Compound solar cells including a light absorbing layer made of a Group I-III-VI compound semiconductor such as a CuInSe2 (CIS) compound semiconductor containing Group Ib, IIIb and VIb elements or a Cu(In,Ga)Se2 (CIGS) compound semiconductor prepared in the form of solid solution by incorporating Ga into CuInSe2 are known to be advantageous in that they can be produced in the form of a thin film as having a higher light conversion efficiency (“light conversion efficiency” will hereinafter be referred to simply as “conversion efficiency”), and are less liable to suffer from reduction in conversion efficiency due to light irradiation or the like.
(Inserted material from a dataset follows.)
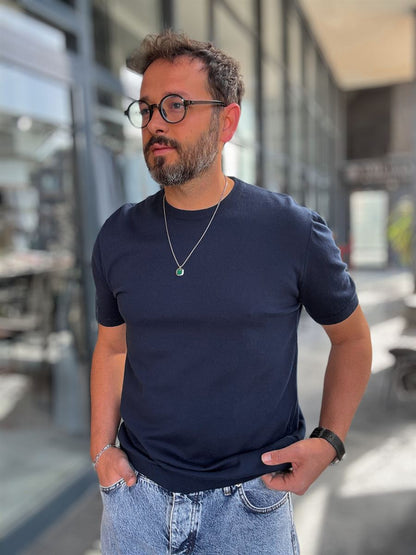 NAVY BLUE BASIC FIT KNITWEAR T-SHIRT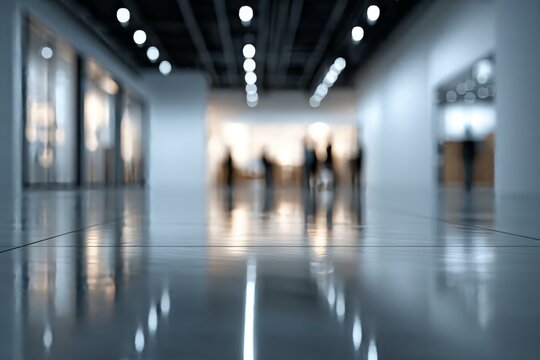 Blurred Background of Modern Art Gallery with Soft Reflections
A buffer layer of such a CIGS type solar cell including the light absorbing layer made of the CIS or CIGS (hereinafter referred to collectively as “CIGS type”) compound semiconductor is generally formed by chemically depositing CdS, Zn(O,S) and the like (see, for example, PTL1). Where the formation of the buffer layer is achieved by the chemical deposition method, the solar cell is produced by forming the CIGS type compound semiconductor layer in a vacuum by a vapor deposition method or a selenization method, once taking out the resulting product to an atmospheric environment to form the buffer layer, and forming a transparent electrode layer again in a vacuum. Problematically, this reduces the productivity.
To cope with this, it is proposed to form the buffer layer by a sequential sputtering method in a vacuum without the need for taking out the product to the atmospheric environment (see, for example, PTL2).